Translation that busts a gut

“During my time of study in Amsterdam several decades ago, I personally experienced this challenge of translation. One day I walked downstairs and happened to meet the landlady. She looked at me quizzically, as if to ask what I was doing. “I’m taking a break from my studies,” I tried to say in Dutch. Unfortunately, “taking a break” does not translate well, so I changed the word for “break” to paus. And, apparently, I didn’t pronounce it well. What I actually said to my Dutch friend was, “The pope has a hernia.” A big fan of the pontiff, she was very concerned.”

– R.C. Sproul (in What’s in the Bible)

A Christian take on art and riots too…

When it comes to all the various subjects taught in our Christian schools, there are a few where the question is more often asked, “How do Christians teach this subject any differently than non-Christians?” While Math might be at the top of that list, Art is another that might follow somewhere soon after. But as Rev. Carl Vermuelen noted in the June issue of Una Sancta, there is not only a distinctly Christian way to teach art, but a pressing need to do so. He points readers to Nancy Pearcey’s excellent book, Saving Leonardo, where the Pearcey describes how, as the West moved away from its Christian roots, its art changed too. Before, no matter how artists might have differed, all agreed that we had purpose and life had meaning, and that truth was discoverable.

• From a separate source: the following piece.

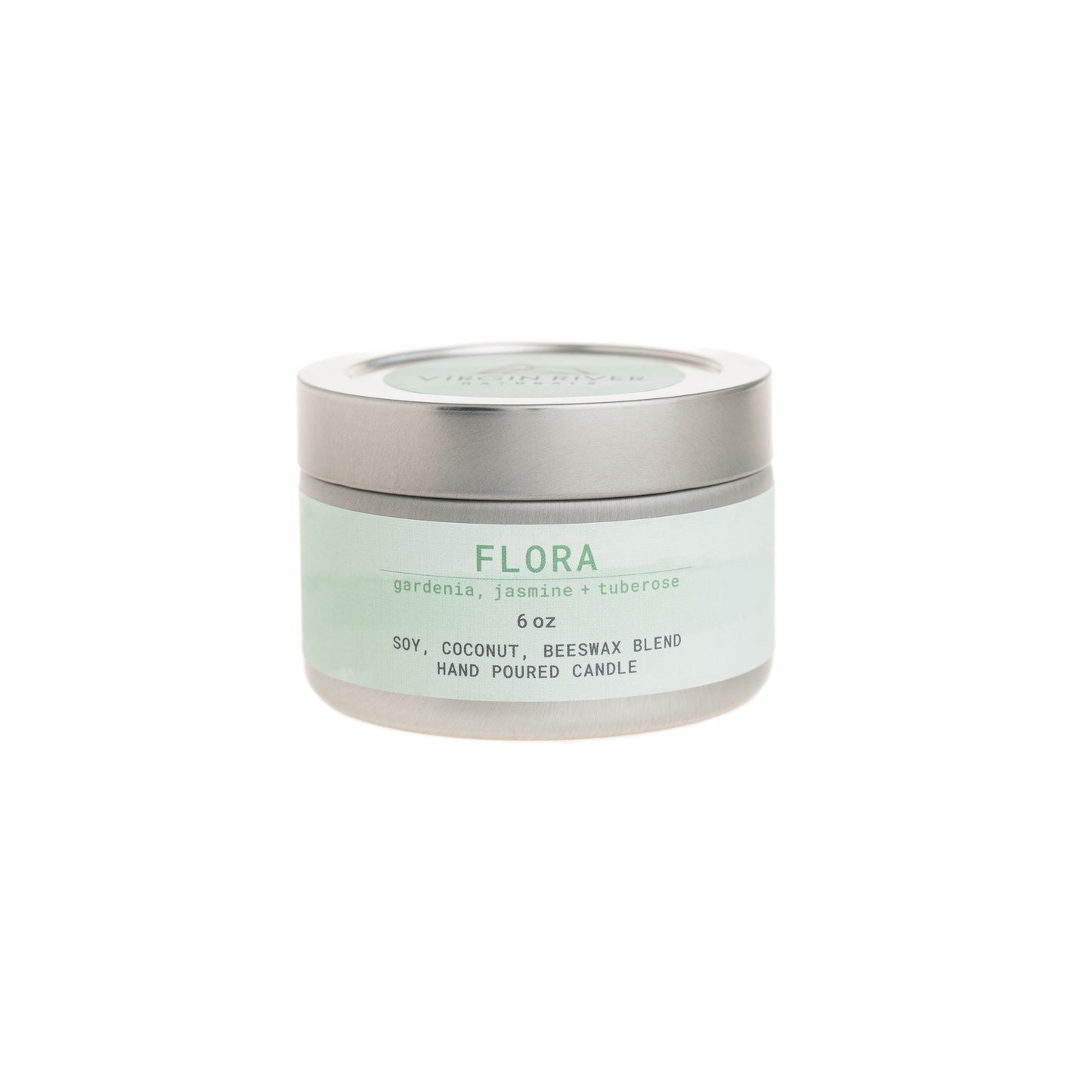 FLORA 6oz Travel Tin Candle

But, “By the time of the impressionists, people no longer hoped to achieve the expression of an ideal universal order … or universal knowledge.” She documents the development of these ideas through impressionism, Picasso’s cubism and geometric abstractionism, as well as through the pantheism of Van Gogh, and Kadinsky’s art infused with spiritualism. The ideas of these artists and others in their thought world developed further into secular materialism, as well as pantheism and postmodernism.

The vicious attacks on Western civilization we see today are the direct result of these ideas. Many of the artists she discusses as she describes this revolutionary change in society (Mondriaan, Kandinsky, Monet, Van Gogh, Warhol, Picasso), are included in the list of recommended artists to be studied in the arts curriculum at our [Christian schools].

That means the art teachers have a wonderful opportunity to show the children from the earliest grades the big narrative that has been shaping our society. What artists like Van Gogh, Picasso and the Fauvres thought and expressed in their art is what we are seeing in action on the streets today. This is what our children need to understand. Then we won’t want them to paint like Picasso, but we will want them to understand why Picasso painted like he did. In this way, we will help them make sense of the George Floyd riots, the burning police cars and the looting.

A dad joke

QUESTION: What two body parts are able to both run and smell?
ANSWER: Your nose and your feet!

Kevin DeYoung (and John Frame) on birth control…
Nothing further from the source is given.